# GIVEN DATA
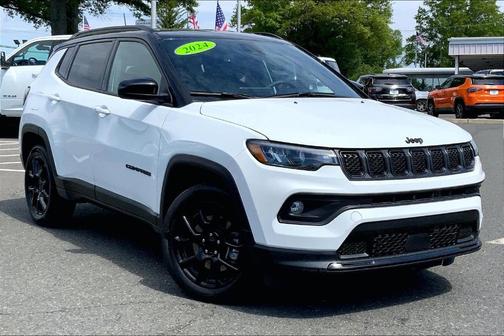 Bright White Clearcoat 2024 Jeep Compass Latitude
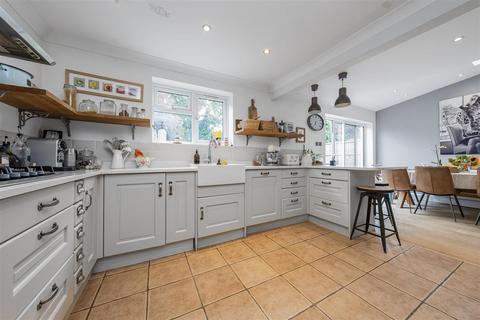 78 Maplefield, Park Street, St Albans, AL2 2BQ
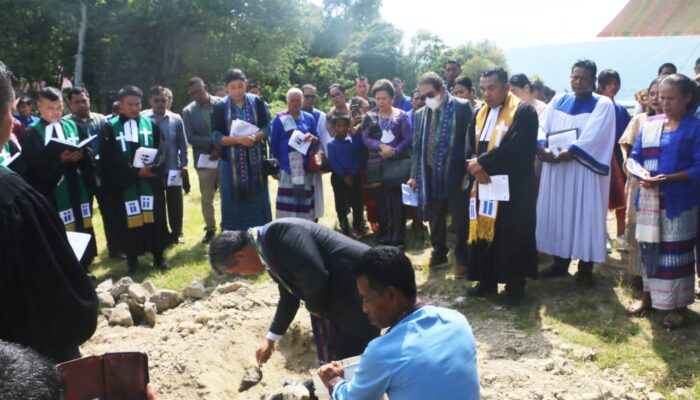 Pemkab Taput Gandeng Gereja dan Masyarakat Bangun Wisata Pulau Sibandang, Wabup Hadiri Peletakan Batu Pertama Gereja HKI Anugerah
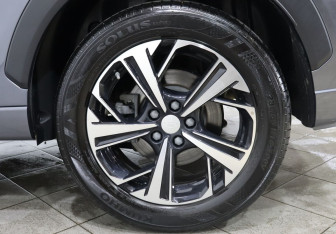 Подержанный автомобиль JAC JS6 2023 года (9 фото)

# WHAT YOU SHOULD DO
Lines before the one containing "Pemkab Taput Gandeng" are not wanted; repeat that line and the rest of the listing exactly, leaving out pictures.

# FINISHED EXERCISE
 Pemkab Taput Gandeng Gereja dan Masyarakat Bangun Wisata Pulau Sibandang, Wabup Hadiri Peletakan Batu Pertama Gereja HKI Anugerah
 Подержанный автомобиль JAC JS6 2023 года (9 фото)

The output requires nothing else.